As the day crew finishes rolling up hoses, the shift leads meet to discuss what’s been done during the day and finalize the game plan for the snowmaking that night. For the last couple of weeks Vail has seen sunny, dry weather with daytime temps reaching into the 40s. In order to make snow, temperatures have to at least get down to 30 but the best snow is made below 28 degrees. “We really like to have it go below 20 degrees”, says Snowmaking Manager David Tucholke, “we’re just barely getting there (each night)”. The average hours that they’ve been able to make snow in these weeks has been from 7pm to 11am. That means that the responsibility for actually blowing snow rests on the shoulders of the 2 night shifts.
“It’s one of the hardest physical jobs on the mountain”, says Tucholke, who’s been making snow at Vail for 32 years. “We try to scare people away in the hiring process…a snowmaker must want to work outside. It’s a cold, cruel world in snowmaking” he says with a laugh. This point is proven when day crew member Sam Rogers comes in to Snow Central a half hour after his shift was supposed to end, covered with mud and blowing on his hands to warm them up. He and a coworker have been working on fixing a leak, which meant hours digging into the snow and hard packed dirt.
“If we’re getting the temps we go all day,” says day crew lead and 3rd year snowmaker Grant McConnell, “if it stays cold…our efficiency goes through the roof”. When temperatures don’t cooperate, he says their tasks become much more focused on repairs and strategizing ways to “try to connect the dots for skiers.”
You can feel the restless energy of the evening crew as they listen to Mike explain what work lays ahead this night and assigns tasks. Dominic Hall, in his 2nd season of snowmaking, all but sprints out the door once the meeting is over. “Can we work now?” he says, the door banging closed behind him. Within minutes they’ve cleared out of Snow Central and driven their snowmobiles to snowguns across the front side of the mountain. It’s 5pm and temperatures are still in the mid-30s so the task at hand is mainly snowmobiling to snowguns and hoses, attaching them to the back of their snowmobiles and hauling them into position. The day crew has positioned many guns already but all of the hauling work has to be done when skiers and riders are off the hill.

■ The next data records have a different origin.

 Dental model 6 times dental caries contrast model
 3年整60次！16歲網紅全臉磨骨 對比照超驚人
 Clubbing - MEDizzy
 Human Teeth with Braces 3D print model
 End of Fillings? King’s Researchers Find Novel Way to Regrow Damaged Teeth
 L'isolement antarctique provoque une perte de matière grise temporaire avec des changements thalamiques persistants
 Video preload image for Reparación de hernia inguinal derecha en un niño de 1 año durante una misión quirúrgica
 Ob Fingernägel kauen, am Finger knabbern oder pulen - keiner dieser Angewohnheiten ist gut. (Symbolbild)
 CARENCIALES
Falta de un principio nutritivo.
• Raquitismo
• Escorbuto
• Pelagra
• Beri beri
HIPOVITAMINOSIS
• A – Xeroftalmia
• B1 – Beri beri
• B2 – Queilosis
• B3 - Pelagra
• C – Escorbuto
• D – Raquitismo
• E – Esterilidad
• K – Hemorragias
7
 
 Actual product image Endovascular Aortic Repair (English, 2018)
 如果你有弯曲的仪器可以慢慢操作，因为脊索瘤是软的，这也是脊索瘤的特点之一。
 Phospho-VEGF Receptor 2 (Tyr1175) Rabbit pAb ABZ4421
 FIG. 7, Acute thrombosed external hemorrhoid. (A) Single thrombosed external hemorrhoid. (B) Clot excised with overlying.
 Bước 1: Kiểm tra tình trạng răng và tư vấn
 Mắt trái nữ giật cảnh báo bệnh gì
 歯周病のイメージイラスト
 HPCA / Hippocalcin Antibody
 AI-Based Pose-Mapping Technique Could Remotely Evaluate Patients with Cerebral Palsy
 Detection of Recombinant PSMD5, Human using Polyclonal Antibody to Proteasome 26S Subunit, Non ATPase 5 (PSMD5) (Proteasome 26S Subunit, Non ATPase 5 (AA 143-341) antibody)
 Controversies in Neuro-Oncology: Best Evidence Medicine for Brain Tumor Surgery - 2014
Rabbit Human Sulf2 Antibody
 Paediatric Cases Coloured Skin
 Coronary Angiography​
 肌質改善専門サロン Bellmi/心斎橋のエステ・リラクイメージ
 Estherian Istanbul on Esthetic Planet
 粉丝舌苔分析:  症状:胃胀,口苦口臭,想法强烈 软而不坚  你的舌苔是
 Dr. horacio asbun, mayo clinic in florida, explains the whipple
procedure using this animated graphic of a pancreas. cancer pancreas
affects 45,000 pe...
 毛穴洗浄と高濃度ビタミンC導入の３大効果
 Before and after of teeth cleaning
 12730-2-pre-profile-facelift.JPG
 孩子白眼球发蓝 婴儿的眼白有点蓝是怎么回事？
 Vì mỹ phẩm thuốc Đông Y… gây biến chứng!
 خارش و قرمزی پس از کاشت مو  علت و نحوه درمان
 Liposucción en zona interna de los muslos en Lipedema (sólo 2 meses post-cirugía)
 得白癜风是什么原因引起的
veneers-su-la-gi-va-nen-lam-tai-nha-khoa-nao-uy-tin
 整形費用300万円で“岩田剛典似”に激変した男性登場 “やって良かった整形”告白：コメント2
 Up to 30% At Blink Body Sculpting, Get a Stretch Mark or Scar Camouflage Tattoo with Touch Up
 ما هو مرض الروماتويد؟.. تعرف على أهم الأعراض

As the moon rises, the crew drives past grooming cats making their laps on Born Free and up to the trails off of Avanti Express (#2) and around Mid-Vail. Gondola One is opening the next day for skiers and riders so they want to make sure Lion’s Way is fully covered. Their goal is to get Avanti open next, bolstering the few inches of natural snow that lies above Mid-Vail with a line of snowguns along Mid-Vail Express. By 6:15 the temperatures have dropped enough on these higher reaches of the mountain for the guns to start running and the crew is off their snowmobiles, adjusting hoses and guns, pinpoints of light from their headlamps sweeping across the snow.